**TASK DATA**
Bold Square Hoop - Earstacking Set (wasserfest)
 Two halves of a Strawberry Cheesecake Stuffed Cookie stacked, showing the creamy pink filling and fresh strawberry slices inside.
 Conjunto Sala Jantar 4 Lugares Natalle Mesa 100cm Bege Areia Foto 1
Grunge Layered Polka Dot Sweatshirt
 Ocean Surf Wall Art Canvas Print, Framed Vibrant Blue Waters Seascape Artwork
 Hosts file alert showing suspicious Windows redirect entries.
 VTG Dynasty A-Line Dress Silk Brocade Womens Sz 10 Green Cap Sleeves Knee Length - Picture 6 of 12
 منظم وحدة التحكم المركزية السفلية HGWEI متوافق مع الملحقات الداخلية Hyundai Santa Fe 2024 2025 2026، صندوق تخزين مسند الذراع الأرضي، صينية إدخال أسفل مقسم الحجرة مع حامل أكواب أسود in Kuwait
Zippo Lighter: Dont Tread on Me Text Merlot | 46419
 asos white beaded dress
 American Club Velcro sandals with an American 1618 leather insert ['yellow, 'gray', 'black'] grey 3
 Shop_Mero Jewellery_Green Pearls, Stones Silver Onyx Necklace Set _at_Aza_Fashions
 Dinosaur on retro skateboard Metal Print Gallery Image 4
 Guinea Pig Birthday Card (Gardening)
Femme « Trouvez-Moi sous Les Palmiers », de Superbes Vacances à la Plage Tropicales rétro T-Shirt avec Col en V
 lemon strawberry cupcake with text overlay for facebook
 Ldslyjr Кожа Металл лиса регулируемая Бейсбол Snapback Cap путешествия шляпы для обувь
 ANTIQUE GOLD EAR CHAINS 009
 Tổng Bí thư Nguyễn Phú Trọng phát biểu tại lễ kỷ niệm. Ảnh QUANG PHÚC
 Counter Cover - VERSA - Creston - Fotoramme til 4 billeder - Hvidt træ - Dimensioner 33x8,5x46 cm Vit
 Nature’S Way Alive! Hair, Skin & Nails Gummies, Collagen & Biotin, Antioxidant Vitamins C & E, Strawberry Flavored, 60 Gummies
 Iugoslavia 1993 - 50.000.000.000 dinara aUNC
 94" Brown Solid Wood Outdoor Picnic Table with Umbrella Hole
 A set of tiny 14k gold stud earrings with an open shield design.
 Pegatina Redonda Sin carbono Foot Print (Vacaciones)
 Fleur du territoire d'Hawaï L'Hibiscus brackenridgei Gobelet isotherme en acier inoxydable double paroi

**THE TASK**
Set down the complete listing once more, exactly as it stands above.

**COMPLETED EXERCISE**
Bold Square Hoop - Earstacking Set (wasserfest)
 Two halves of a Strawberry Cheesecake Stuffed Cookie stacked, showing the creamy pink filling and fresh strawberry slices inside.
 Conjunto Sala Jantar 4 Lugares Natalle Mesa 100cm Bege Areia Foto 1
Grunge Layered Polka Dot Sweatshirt
 Ocean Surf Wall Art Canvas Print, Framed Vibrant Blue Waters Seascape Artwork
 Hosts file alert showing suspicious Windows redirect entries.
 VTG Dynasty A-Line Dress Silk Brocade Womens Sz 10 Green Cap Sleeves Knee Length - Picture 6 of 12
 منظم وحدة التحكم المركزية السفلية HGWEI متوافق مع الملحقات الداخلية Hyundai Santa Fe 2024 2025 2026، صندوق تخزين مسند الذراع الأرضي، صينية إدخال أسفل مقسم الحجرة مع حامل أكواب أسود in Kuwait
Zippo Lighter: Dont Tread on Me Text Merlot | 46419
 asos white beaded dress
 American Club Velcro sandals with an American 1618 leather insert ['yellow, 'gray', 'black'] grey 3
 Shop_Mero Jewellery_Green Pearls, Stones Silver Onyx Necklace Set _at_Aza_Fashions
 Dinosaur on retro skateboard Metal Print Gallery Image 4
 Guinea Pig Birthday Card (Gardening)
Femme « Trouvez-Moi sous Les Palmiers », de Superbes Vacances à la Plage Tropicales rétro T-Shirt avec Col en V
 lemon strawberry cupcake with text overlay for facebook
 Ldslyjr Кожа Металл лиса регулируемая Бейсбол Snapback Cap путешествия шляпы для обувь
 ANTIQUE GOLD EAR CHAINS 009
 Tổng Bí thư Nguyễn Phú Trọng phát biểu tại lễ kỷ niệm. Ảnh QUANG PHÚC
 Counter Cover - VERSA - Creston - Fotoramme til 4 billeder - Hvidt træ - Dimensioner 33x8,5x46 cm Vit
 Nature’S Way Alive! Hair, Skin & Nails Gummies, Collagen & Biotin, Antioxidant Vitamins C & E, Strawberry Flavored, 60 Gummies
 Iugoslavia 1993 - 50.000.000.000 dinara aUNC
 94" Brown Solid Wood Outdoor Picnic Table with Umbrella Hole
 A set of tiny 14k gold stud earrings with an open shield design.
 Pegatina Redonda Sin carbono Foot Print (Vacaciones)
 Fleur du territoire d'Hawaï L'Hibiscus brackenridgei Gobelet isotherme en acier inoxydable double paroi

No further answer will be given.